TASK DETAILS → Retype the material that follows exactly, limited to the lines from the one with "Pixel Cherry Pattern Print Round Blanket" through the one with "SFKLYU Ergonomic Saddle", and keep out all pictures.

AVAILABLE DATA →
········
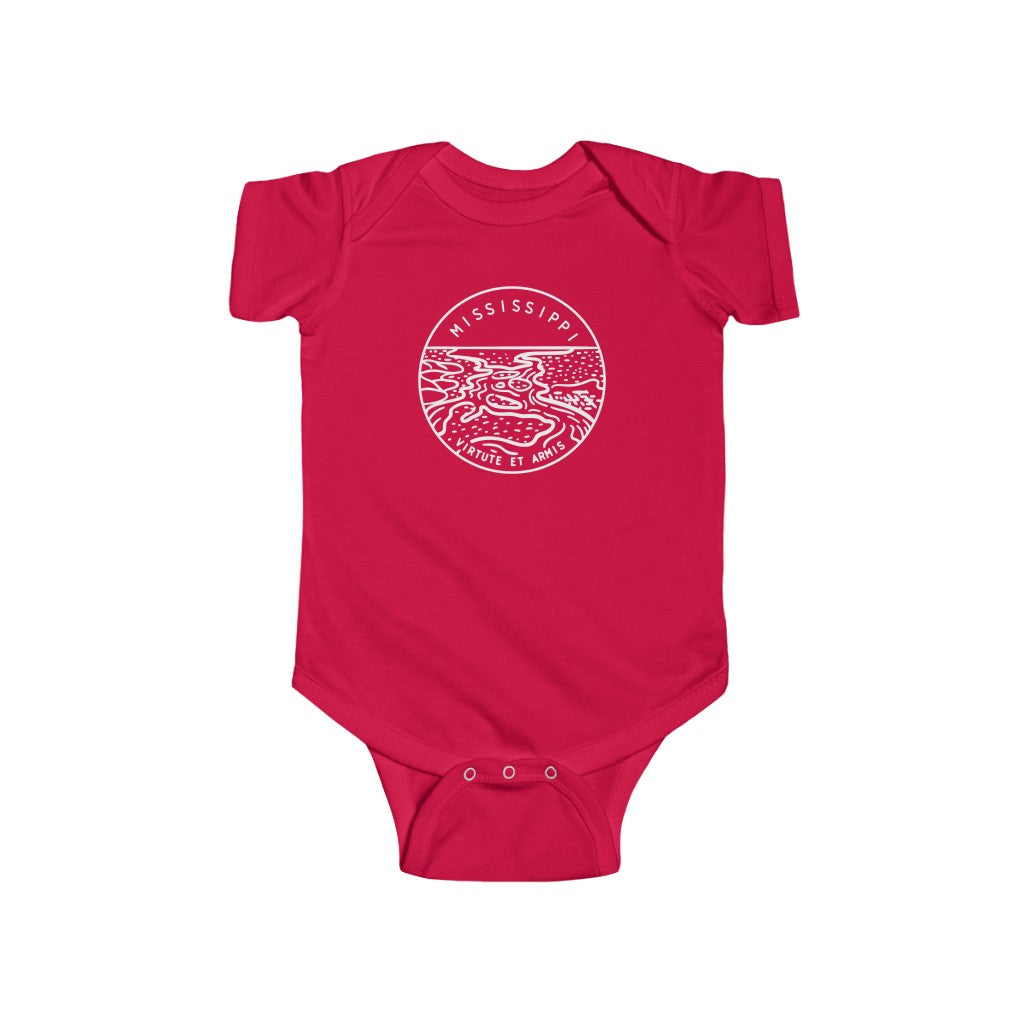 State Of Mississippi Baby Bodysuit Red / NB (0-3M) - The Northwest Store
········
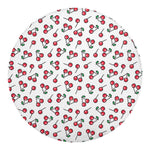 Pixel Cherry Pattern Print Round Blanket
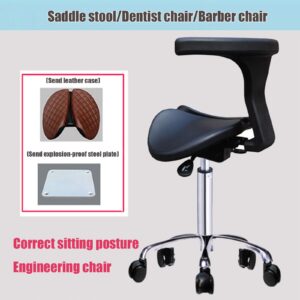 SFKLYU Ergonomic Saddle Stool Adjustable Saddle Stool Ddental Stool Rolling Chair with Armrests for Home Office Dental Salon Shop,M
········
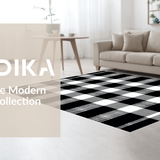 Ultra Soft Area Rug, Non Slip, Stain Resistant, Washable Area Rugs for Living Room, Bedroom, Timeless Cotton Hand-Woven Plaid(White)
········
TASK RESPONSE →
 Pixel Cherry Pattern Print Round Blanket
 SFKLYU Ergonomic Saddle Stool Adjustable Saddle Stool Ddental Stool Rolling Chair with Armrests for Home Office Dental Salon Shop,M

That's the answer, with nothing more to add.